Bangladesh opens negotiations with the World Bank in few days for a US$500 million worth of budget support with a greater goal of economic recovery, officials said Friday.
The budget-support credit, embedded on green growth, will be the first of its kind during the post-uprising interim government headed by Prof Muhammad Yunus, they said.
"We will sit for negotiations with the WB later next week. We are hopeful of getting a good result from the next meeting," a senior Economic Relations Division (ERD) official told the FE on Thursday.
Their expectations are that the credit from the global lender would be confirmed and disbursed by December for advancing Bangladesh's green and sustainable economic growth.
The World Bank has already shown its eagerness to work with this interim government offering higher supports to different policy and structural reforms and programmes.

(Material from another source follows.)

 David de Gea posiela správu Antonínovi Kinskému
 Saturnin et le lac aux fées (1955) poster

The assured budget support would be a second tranche of the Green and Climate-Resilient Development (GCRD) credit from the Washington-based global lender.

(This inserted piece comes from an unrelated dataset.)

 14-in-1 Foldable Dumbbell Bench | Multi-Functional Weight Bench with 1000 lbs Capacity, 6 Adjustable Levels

Earlier on April 27 last year, the Bank provided $500 million worth of credit to Bangladesh government under the 1st tranche of the GCRD Development Policy Credit (DPC) programme.
A WB official has said: "The negations will be held within this week. The loan could be confirmed and disbursed by this yearend."
A Ministry of Finance (MoF) official said the WB earlier assured of providing $250 million as budget support under the 2nd tranche of the GCRD programme.
"But we had requested the WB during the last IMF-WB Annual Meeting in Washington to double the credit amount as Bangladesh needs foreign-exchange support for its economic recovery."
He said the World Bank had given them a positive response. "We hope that all the terms and conditions will be settled in the next meeting later this week. And then the $500 million loan will be received by next month," he added, thanking the WB authorities for the overtures.
Meanwhile, the government is also working to get more budget support from the global lender to give a fillip to the economic-recovery programmes as the country's foreign-exchange reserves came down to some $20 billion in recent months from a high of $47 billion two years ago.
Experts say massive money laundering and bill payments to the costly private-sector power plants for purchasing electricity had affected the country's foreign reserves.
The 1st GCRED DPC was a result-based policy loan where the WB tagged some conditions.
Among the dos, the government has to ensure 7.0-percent bids in public procurement to come from women-owned businesses, approximately 5.0-percent reduction in households using solid fuels as primary cooking fuel, 67-percent reduction in public expenditure in fuel subsidies for diesel, heavy fuel oil (HSFO) and octane, 1000 GWh of cumulative energy savings from the DPC-supported energy-efficiency policies, reduction in liquid fuel (HSD and HSFO) used annually for power generation (1.67 million tonnes), and 30 new municipalities with water-tariff models.